Purpose: To evaluate visual evoked potential (VEP) as a diagnostic tool for amblyopia and determine threshold values for conscription grading.
Methods: Between February 2023 and April 2024, 148 men (mean age, 21.68 ± 3.22 years; range, 19–25 years) who underwent conscription examination were retrospectively reviewed and categorized into three groups based on their best-corrected visual acuity (BCVA) of the eye with poorer vision using Snellen chart criteria: mild amblyopia (active duty [group A], BCVA >0.6), Moderate amblyopia (supplementary service [group B], 0.1< BCVA ≤0.6), or severe amblyopia (wartime labor [group C], BCVA ≤0.1). The primary outcome measures were VEP parameters selected to objectively classify amblyopia severity (groups A–C) and determine diagnostic thresholds relevant to military service grading. These included P100 amplitude, P100 latency, interocular amplitude difference ratio (IADR), interocular latency difference ratio (ILDR), as well as the ratios of P100 amplitude and latency between the amblyopic and nonamblyopic eyes.
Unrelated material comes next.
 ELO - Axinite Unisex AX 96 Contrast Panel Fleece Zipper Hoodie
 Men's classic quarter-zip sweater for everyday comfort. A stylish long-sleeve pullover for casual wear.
Results: With increasing amblyopia severity, P100 amplitude decreased (group A, 9.86 ± 2.87 μV; group B, 6.52 ± 1.96 μV; group C, 4.56 ± 2.00 μV), while P100 latency increased (group A, 114.79 ± 4.81 msec; group B, 117.67 ± 6.20 msec; group C, 122.35 ± 11.84 msec). Significant differences in P100 amplitude were observed among all three groups (p < 0.001). P100 latency showed a statistically significant difference between group C and the other groups (p < 0.001). Receiver operating characteristic analysis revealed that P100 amplitude (5.5 μV), IADR (0.4), and P100 amplitude ratio (0.6) effectively distinguished group A from groups B and C (area under the curve >0.8), while ILDR (0.08) differentiated group B from group C (area under the curve, 0.751).
Conclusions: VEP measures, including P100 amplitude, IADR, and ILDR, show potential for amblyopia diagnosis and differentiation of conscription grades.